To my way of thinking, as John Wayne would say, and correct me if I’m wrong, as I’m sure you will, it’s not 1870 any more, not even in the southwest. We live with miles and miles of suburban sprawl and traffic. We have policemen almost everywhere. We all understand our laws very well, and almost all of us follow them, even though sometimes they seem a bit confining. We have lawyers everywhere for big disputes, and we have small claims court for small ones. If two men go out in the street to face each other, they better get it over with before the light changes. Also, they have a much better chance of hurting, or even killing, innocent people around them than they do each other.

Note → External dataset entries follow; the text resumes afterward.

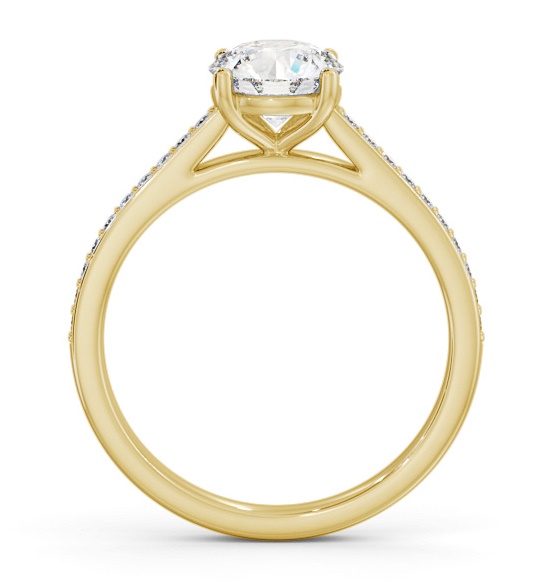 Round Diamond 4 Prong Engagement Ring 18K Yellow Gold Solitaire ENRD197S_YG_THUMB1 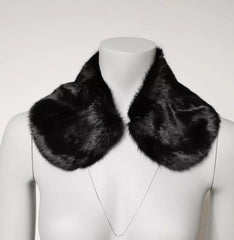 Dolce & Gabbana Black Fur Shawl Neck Wrap Cover Collar Scarf -   -  Dolce & Gabbana.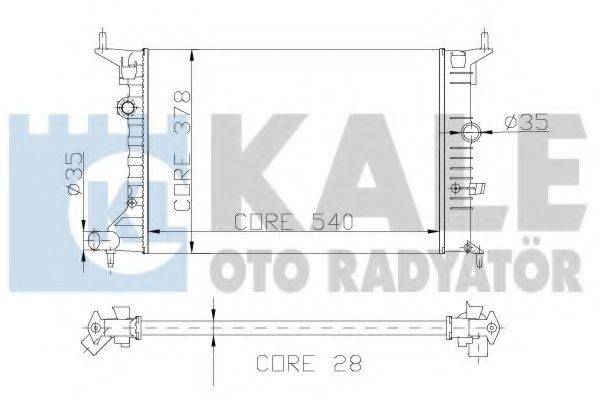 KALE OTO RADYATOR 177200 Радіатор, охолодження двигуна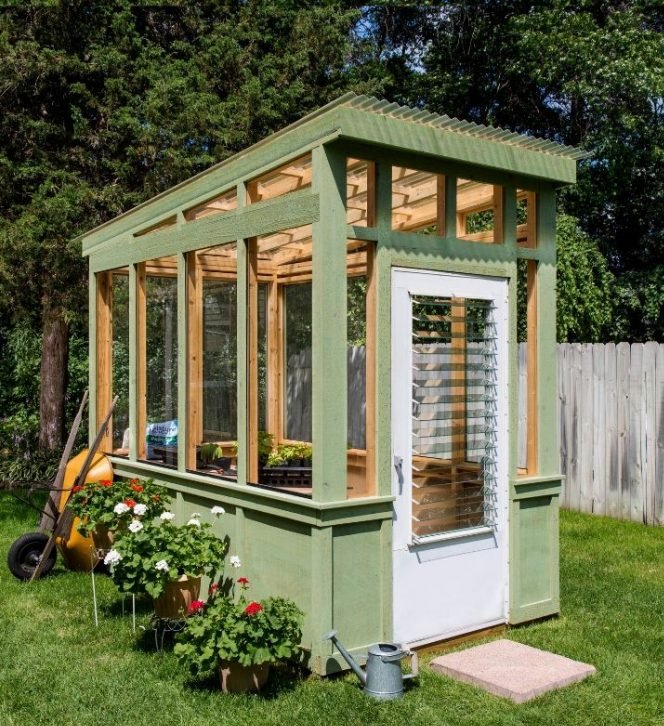 Build an Old Window Greenhouse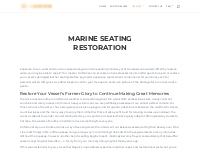 Marine seating and molding restoration   LA Leather Repair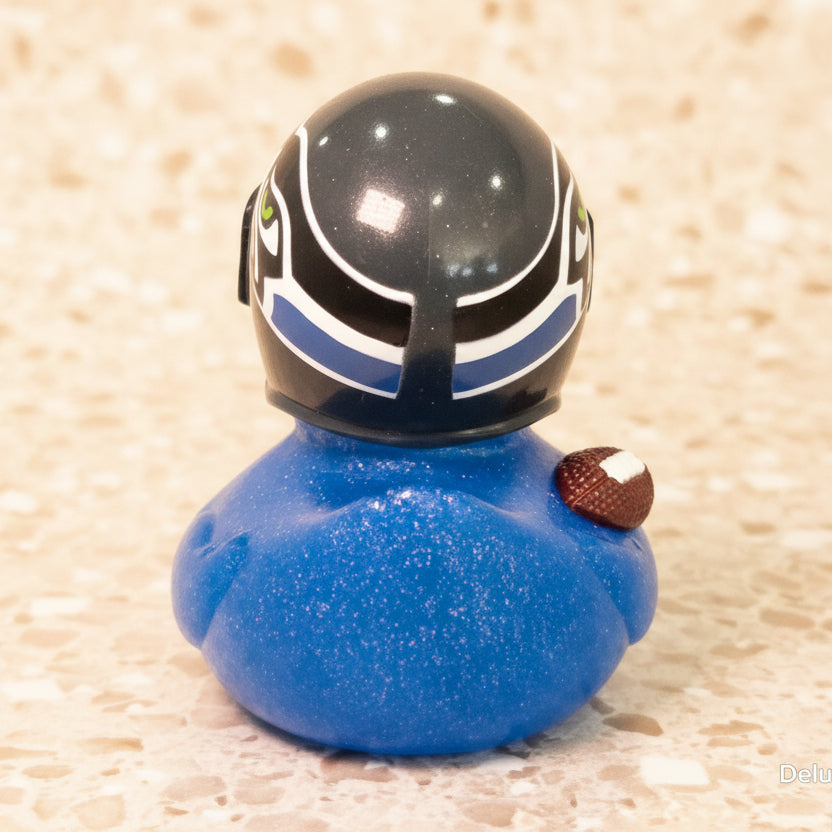SEATTLE SEAHAWKS Rubber Duck Gift NFL Football Bedazzled Collectible Duck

It’s 2018. Women are constantly telling us that they don’t want to be treated as sex objects, or as delicate flowers any more. They want to be listened to, respected and understood. They also want to be hired, and to rise into leadership positions. It is being noticed that women possess more of the skills that are necessary in today’s society than men. Skills such as attention to detail, patience, and communicating clearly, without using tactics such as bullying or intimidation.

We have also learned that a man standing alone to solve a problem will not be nearly successful as a small group working together to solve the problem. It also helps if the people in the group come from diverse backgrounds and have had different experiences and therefore can each see things from a different perspective. There is no need, and no use, for guns in any of these groups.

Still, today, too many of our elected officials, and our movies producers, play into the myths of the hero and the superhero. Our buffoon-and-chief demeaned the police and security people in Florida for not running into the school where the kid with a high-powered rife was killing people. He said he would have run in himself, even without a weapon, just like Jimmy Stewart or Gary Cooper. He sees himself as that kind of a hero.

I know many people wish he had; it would have been a fitting ending. But we already saw how he rushed to save people when he went to Puerto Rico. He went three weeks late and threw paper towels into the crowd. Brave.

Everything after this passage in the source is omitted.